In the records below, find the line with "Numbricks Griglie Intrecciate" and repeat exactly every line from it through the line with "Satelit Potret 80". Pictures stay out.
------ Record set
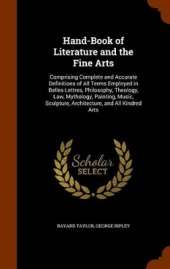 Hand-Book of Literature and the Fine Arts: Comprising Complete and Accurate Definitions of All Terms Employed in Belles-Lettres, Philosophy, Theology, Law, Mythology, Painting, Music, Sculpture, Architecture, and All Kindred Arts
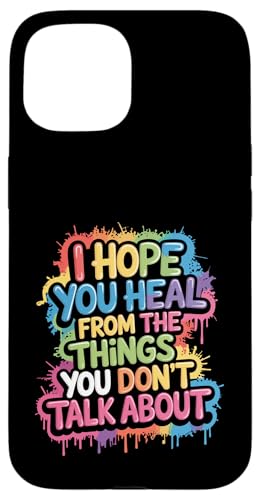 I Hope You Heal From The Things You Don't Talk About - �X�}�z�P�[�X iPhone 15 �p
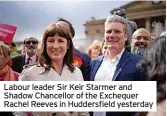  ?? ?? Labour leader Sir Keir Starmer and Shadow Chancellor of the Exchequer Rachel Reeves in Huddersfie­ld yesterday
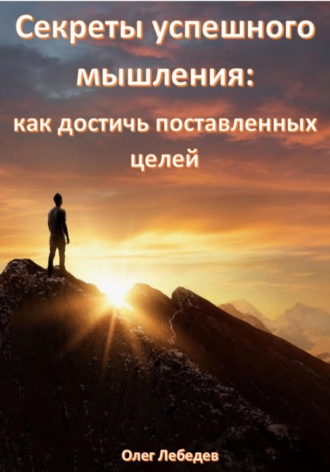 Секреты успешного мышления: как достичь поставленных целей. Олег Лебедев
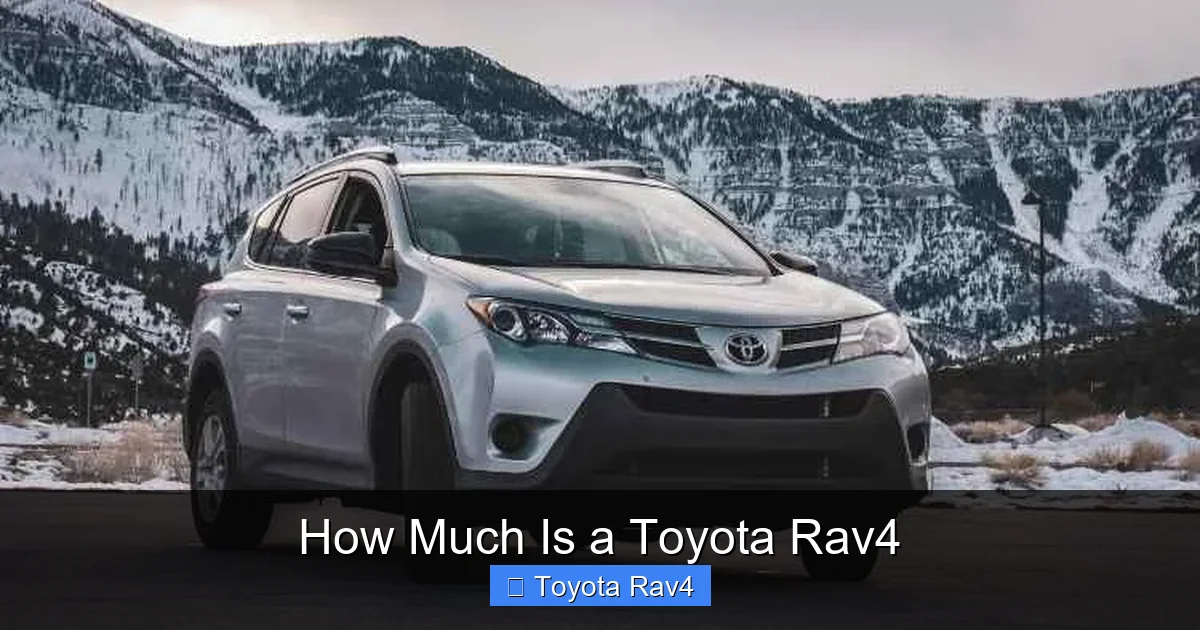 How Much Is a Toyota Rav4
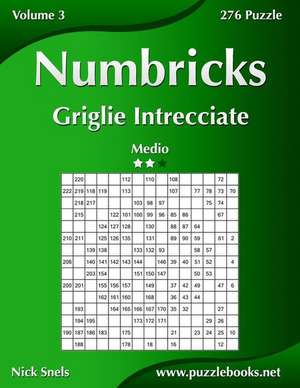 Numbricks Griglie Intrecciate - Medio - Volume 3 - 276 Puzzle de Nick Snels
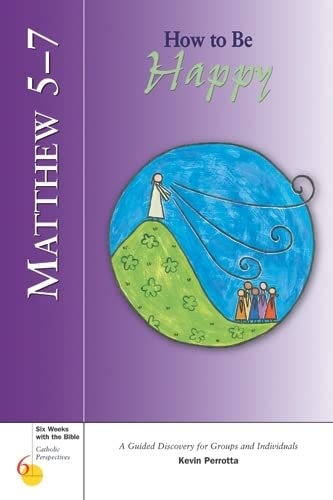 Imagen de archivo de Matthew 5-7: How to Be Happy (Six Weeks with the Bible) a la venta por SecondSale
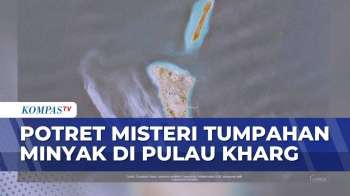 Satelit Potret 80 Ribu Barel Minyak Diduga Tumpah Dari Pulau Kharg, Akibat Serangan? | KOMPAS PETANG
------------
------ Record set
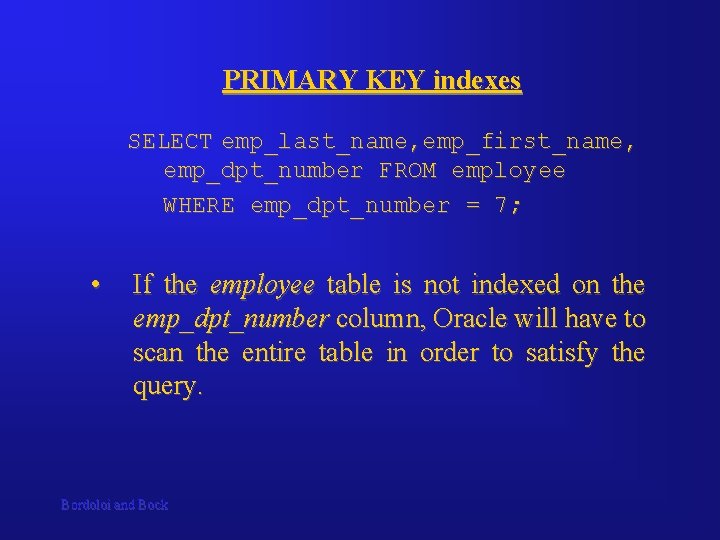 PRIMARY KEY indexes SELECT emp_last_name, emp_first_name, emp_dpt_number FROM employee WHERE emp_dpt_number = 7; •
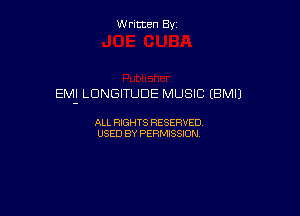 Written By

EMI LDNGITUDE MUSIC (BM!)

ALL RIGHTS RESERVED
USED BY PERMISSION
------------
------ Record set
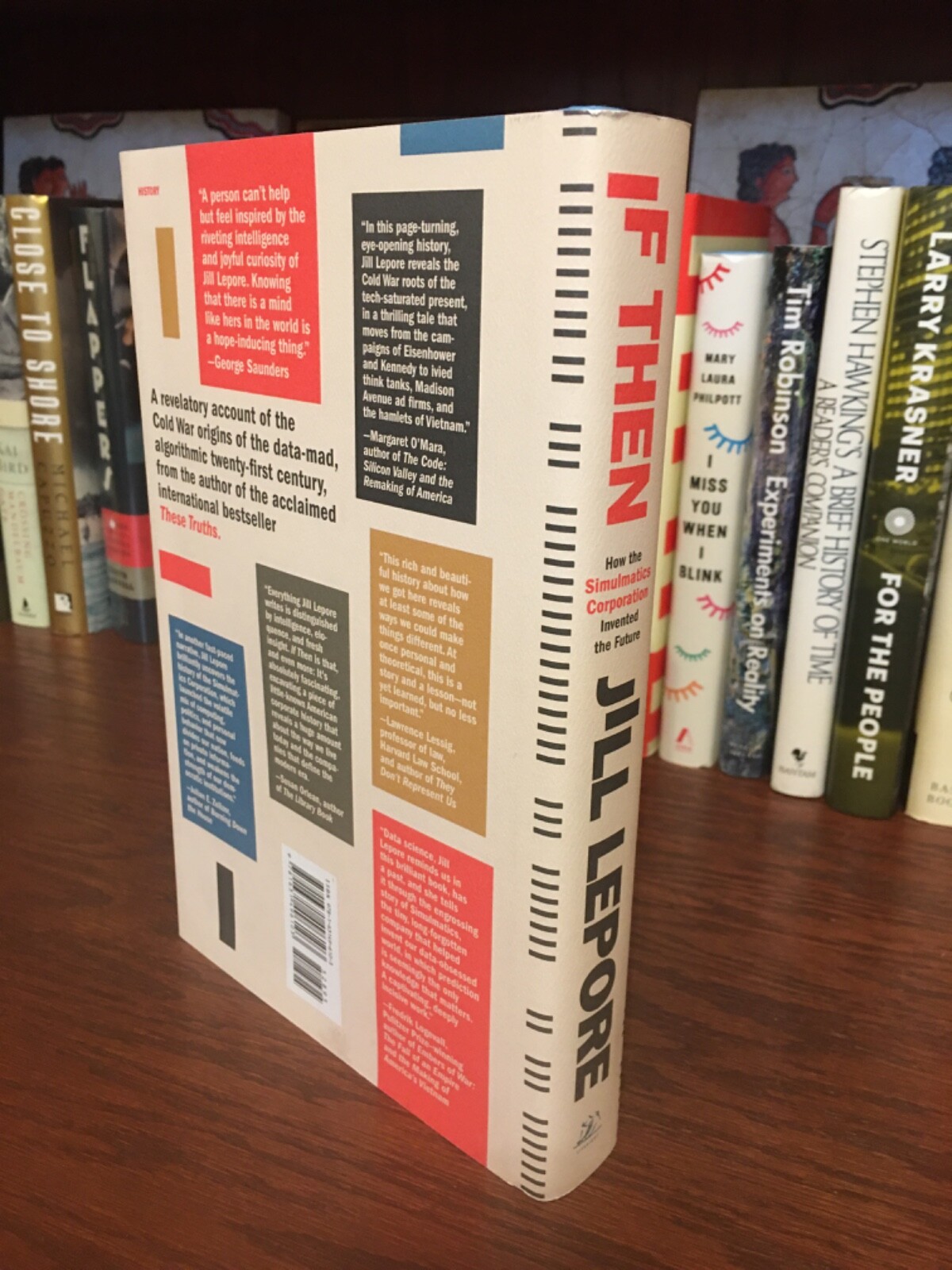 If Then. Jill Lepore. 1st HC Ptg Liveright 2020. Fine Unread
------------
Response area:
 Numbricks Griglie Intrecciate - Medio - Volume 3 - 276 Puzzle de Nick Snels
 Imagen de archivo de Matthew 5-7: How to Be Happy (Six Weeks with the Bible) a la venta por SecondSale
 Satelit Potret 80 Ribu Barel Minyak Diduga Tumpah Dari Pulau Kharg, Akibat Serangan? | KOMPAS PETANG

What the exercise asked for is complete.